# Your objective
Below is a set of records; reproduce them exactly without their pictures.

[Caption-style text data]
------------------------------------------------------------------------
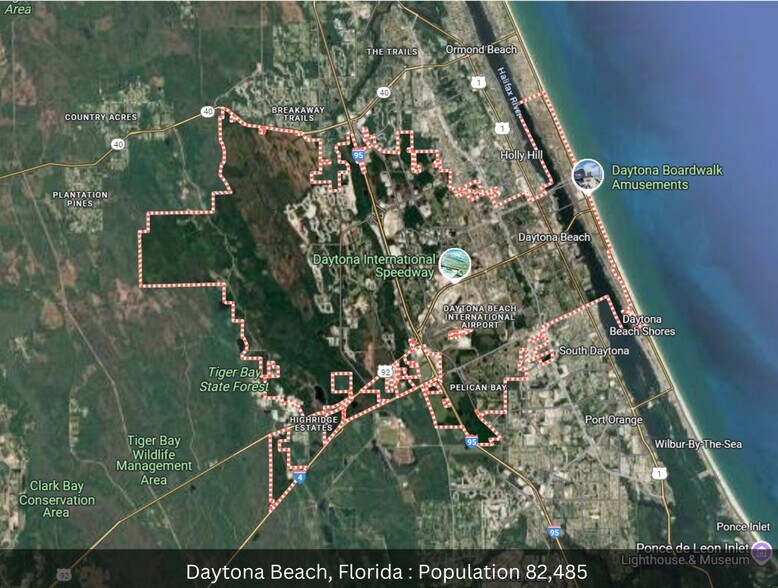 More Photos Of 1915 N Atlantic Ave, Daytona Beach Hotel For Sale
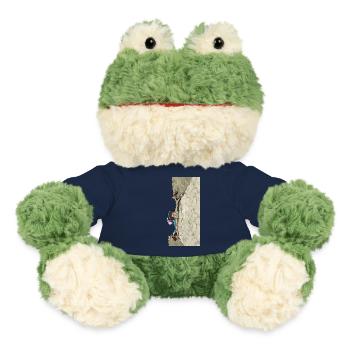 Escalade d’intersection - Grenouille Torge MiniFeet® - bleu marine - Devant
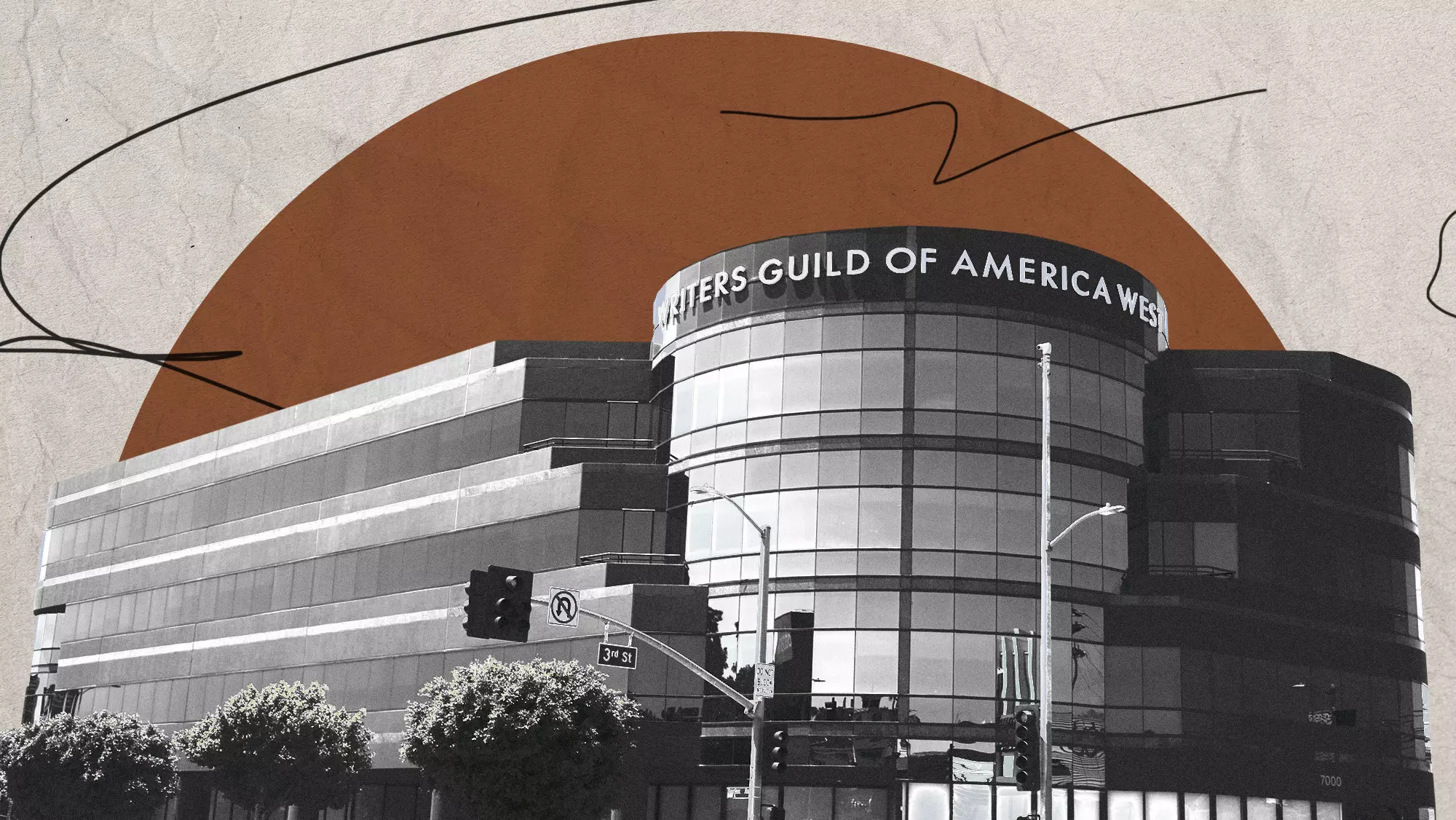 Writers Guild Files Lawsuit Against Paramount-Warner Bros. Merger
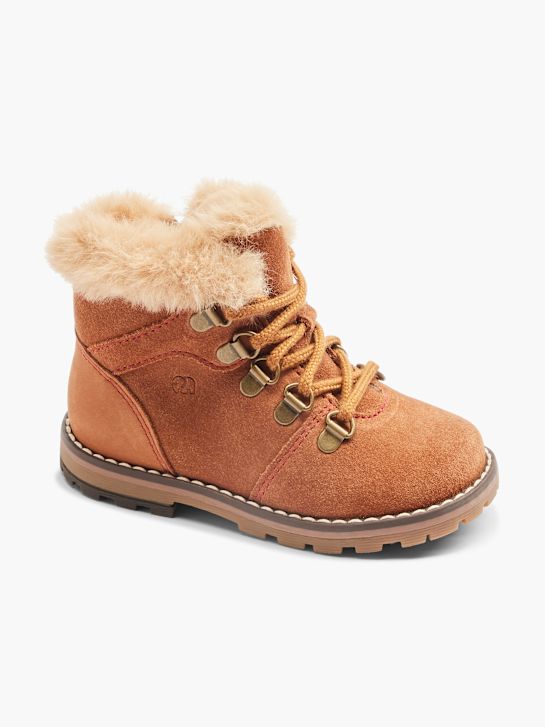 elefanten Schnürboots Cognac 24328 6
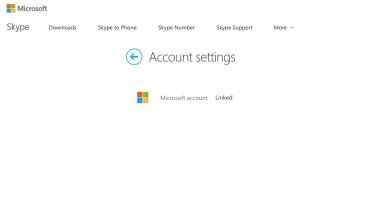 How To Remove Skype Account On Phone 
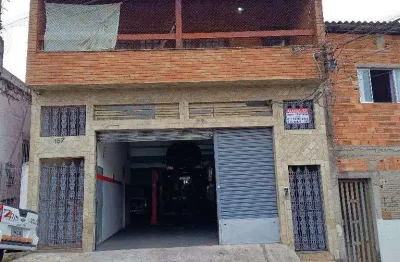 Casa para alugar em jardim piratininga de 60.00m² com 2 quartos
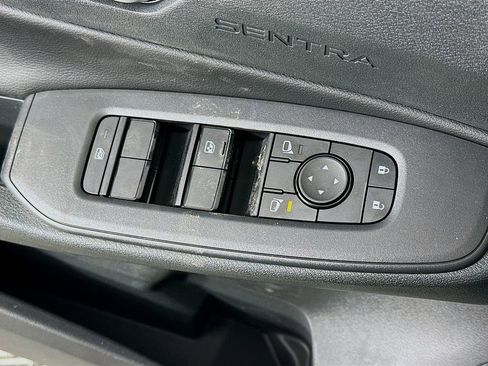 New 2026 Nissan Sentra SV w/ SV Convenience Package image 23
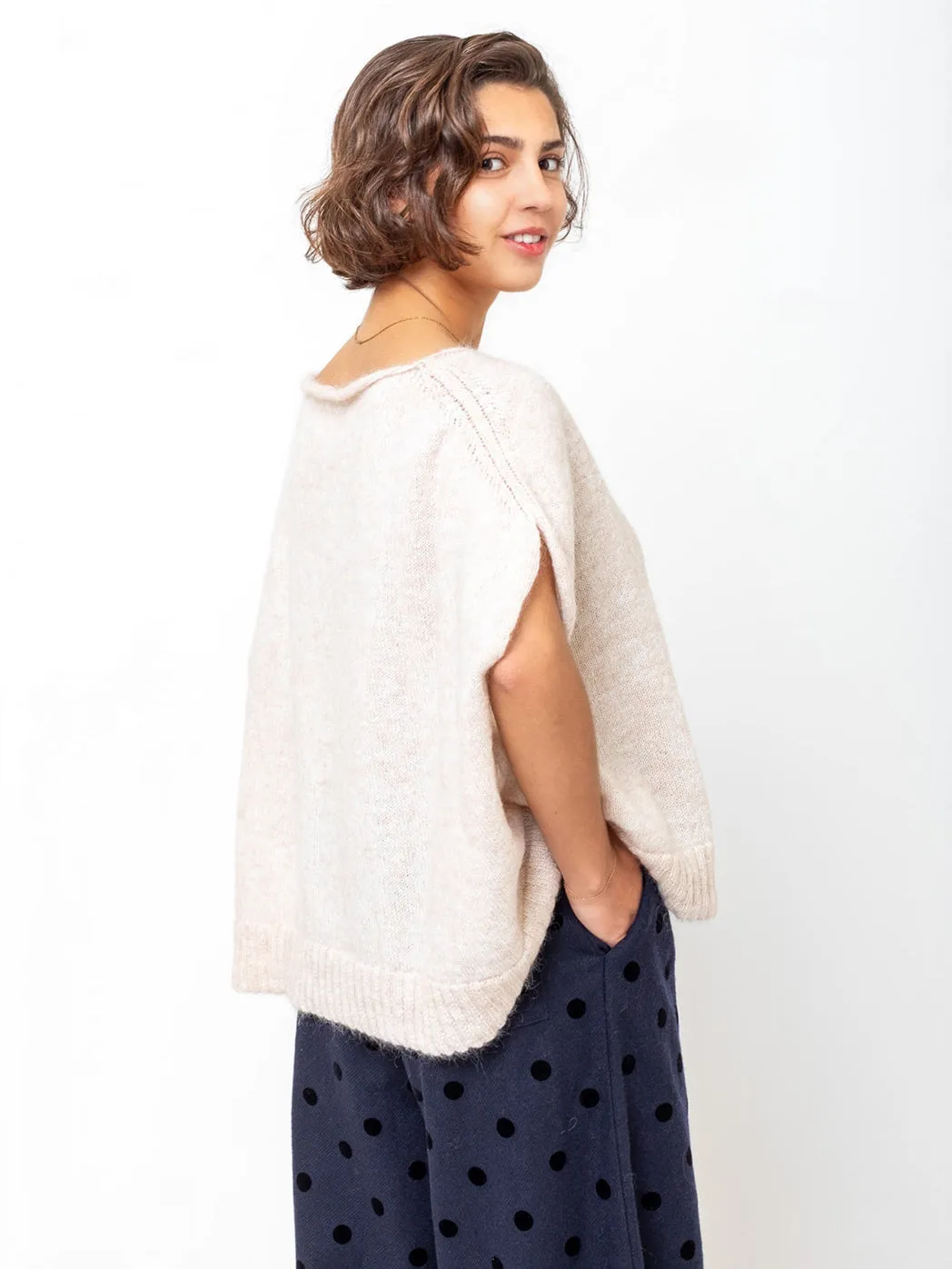 Mariniere Sweater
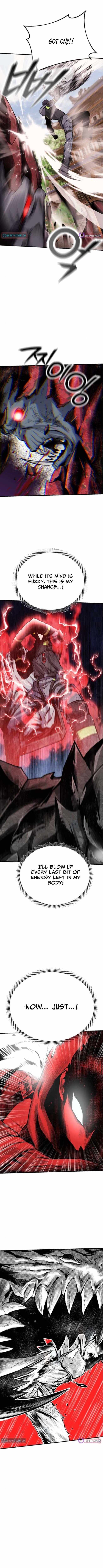 Read Nation-Class Dungeon Architect chapter 10 image 3 on Lezhin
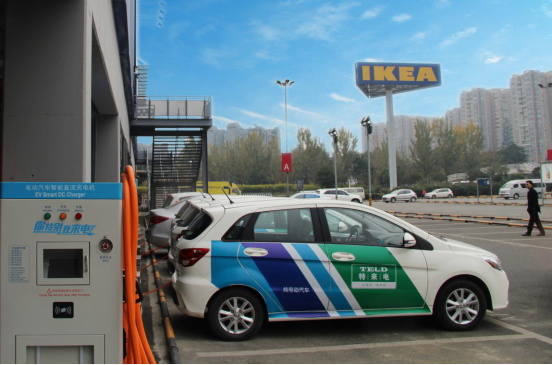 特來(lái)電：“大數(shù)據(jù)修車”讓電動(dòng)汽車將成為手機(jī)后的第二個(gè)移動(dòng)終端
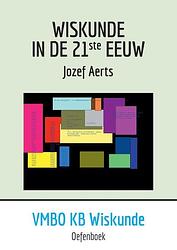 Foto van Vmbo kb wiskunde - jozef aerts - paperback (9789464811490)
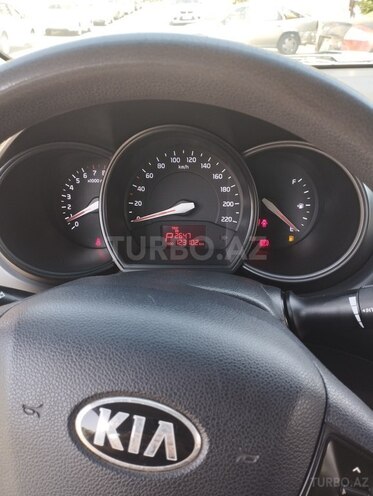 Kia Rio 2012, 125,000 km - 1.4 l - Bakı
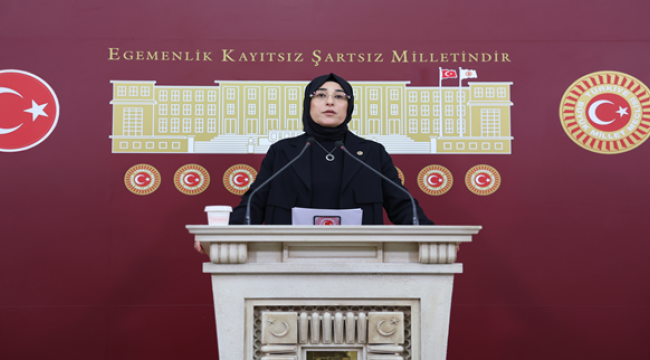 Milletvekili Yazmacı, "Güvenli gıdaya ulaşım mümkün değil"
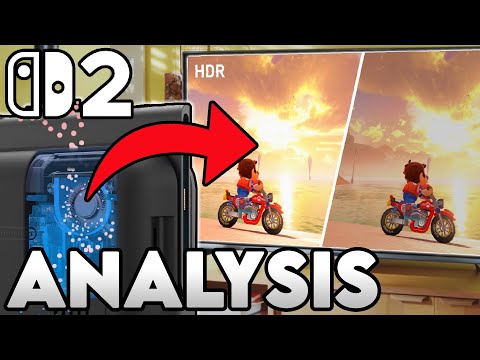 Nintendo Switch 2 Hardware: Full Details!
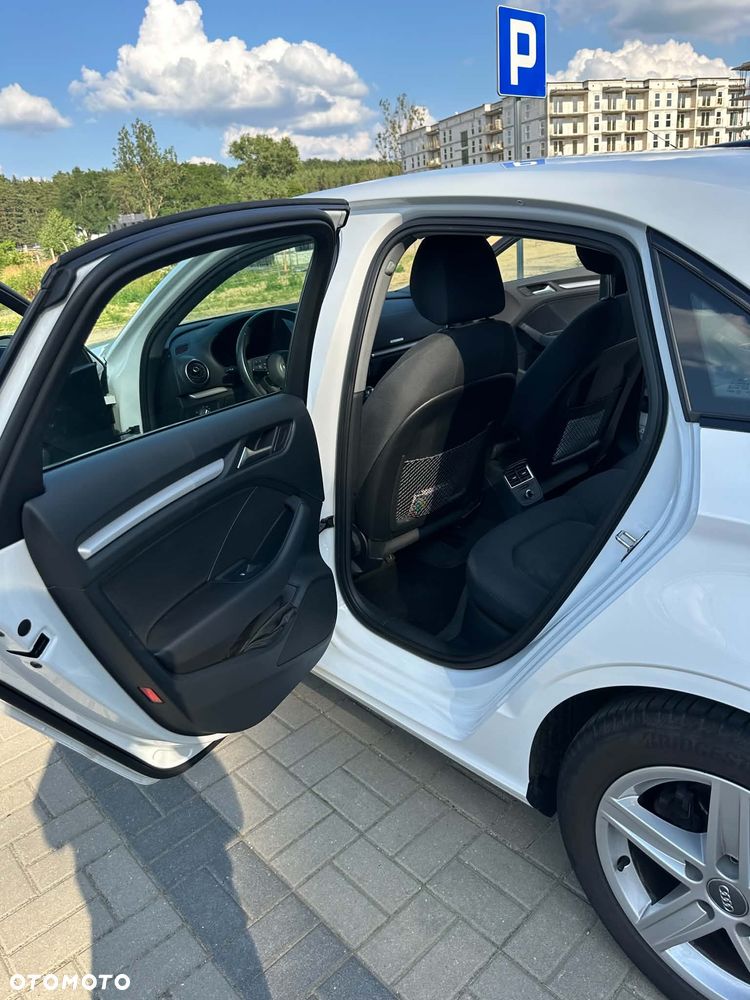 Audi A3 Limousine 35 TFSI S tronic - 16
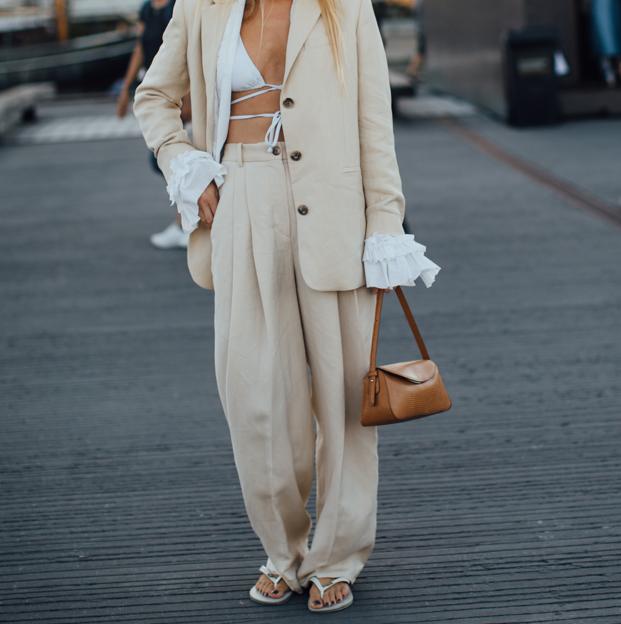 De la alfombra roja al street style: las chanclas son tendencia y estas son las más bonitas (y cómodas) para llevar a diario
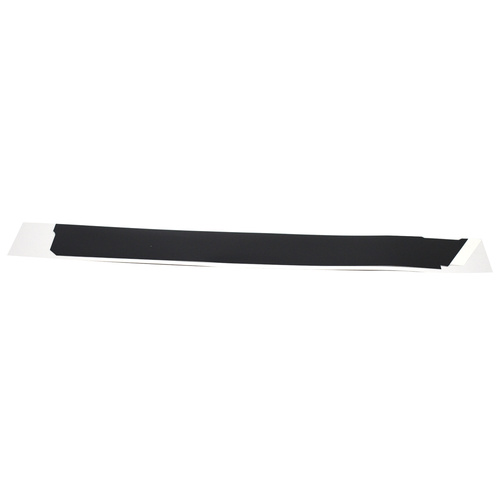 Hyundai Rear Door Black Rear Tape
------------------------------------------------------------------------
# Response area
 More Photos Of 1915 N Atlantic Ave, Daytona Beach Hotel For Sale
 Escalade d’intersection - Grenouille Torge MiniFeet® - bleu marine - Devant
 Writers Guild Files Lawsuit Against Paramount-Warner Bros. Merger
 elefanten Schnürboots Cognac 24328 6
 How To Remove Skype Account On Phone 
 Casa para alugar em jardim piratininga de 60.00m² com 2 quartos
 New 2026 Nissan Sentra SV w/ SV Convenience Package image 23
 Mariniere Sweater
 Read Nation-Class Dungeon Architect chapter 10 image 3 on Lezhin
 特來(lái)電：“大數(shù)據(jù)修車”讓電動(dòng)汽車將成為手機(jī)后的第二個(gè)移動(dòng)終端
 Foto van Vmbo kb wiskunde - jozef aerts - paperback (9789464811490)
 Kia Rio 2012, 125,000 km - 1.4 l - Bakı
 Milletvekili Yazmacı, "Güvenli gıdaya ulaşım mümkün değil"
 Nintendo Switch 2 Hardware: Full Details!
 Audi A3 Limousine 35 TFSI S tronic - 16
 De la alfombra roja al street style: las chanclas son tendencia y estas son las más bonitas (y cómodas) para llevar a diario
 Hyundai Rear Door Black Rear Tape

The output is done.